* WHAT YOU WILL DO
Set each line of the material below down word for word, from the first through the line that holds "May include: A", but not the pictures.

* SOURCE MATERIAL
━━━━━━━━━━━━━━━━━━━━━━━━━━━━━━
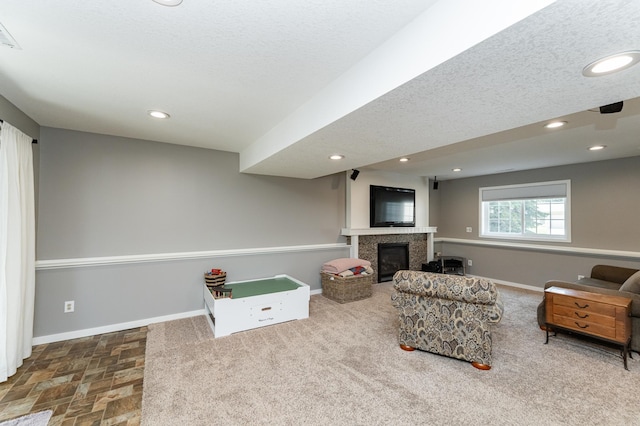 2 Lillie Ln SE, Pine Island, MN 55963 - carpeted living area with a glass covered fireplace, recessed lighting, and a textured ceiling
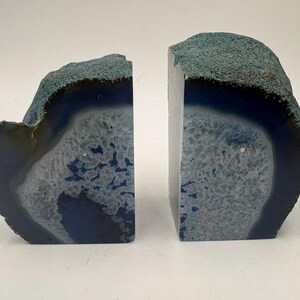 May include: A pair of bookends crafted from natural agate stone. Each piece features a polished, flat front face displaying concentric bands of deep blue and white crystalline patterns, while the outer edges retain a rough, textured blue crust.
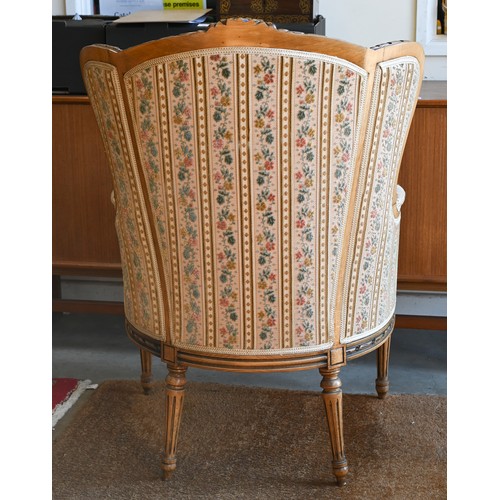 106 - A French wingback armchair, 20th century, floral brocade-style striped fabric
━━━━━━━━━━━━━━━━━━━━━━━━━━━━━━
* RESPONSE BELOW
 2 Lillie Ln SE, Pine Island, MN 55963 - carpeted living area with a glass covered fireplace, recessed lighting, and a textured ceiling
 May include: A pair of bookends crafted from natural agate stone. Each piece features a polished, flat front face displaying concentric bands of deep blue and white crystalline patterns, while the outer edges retain a rough, textured blue crust.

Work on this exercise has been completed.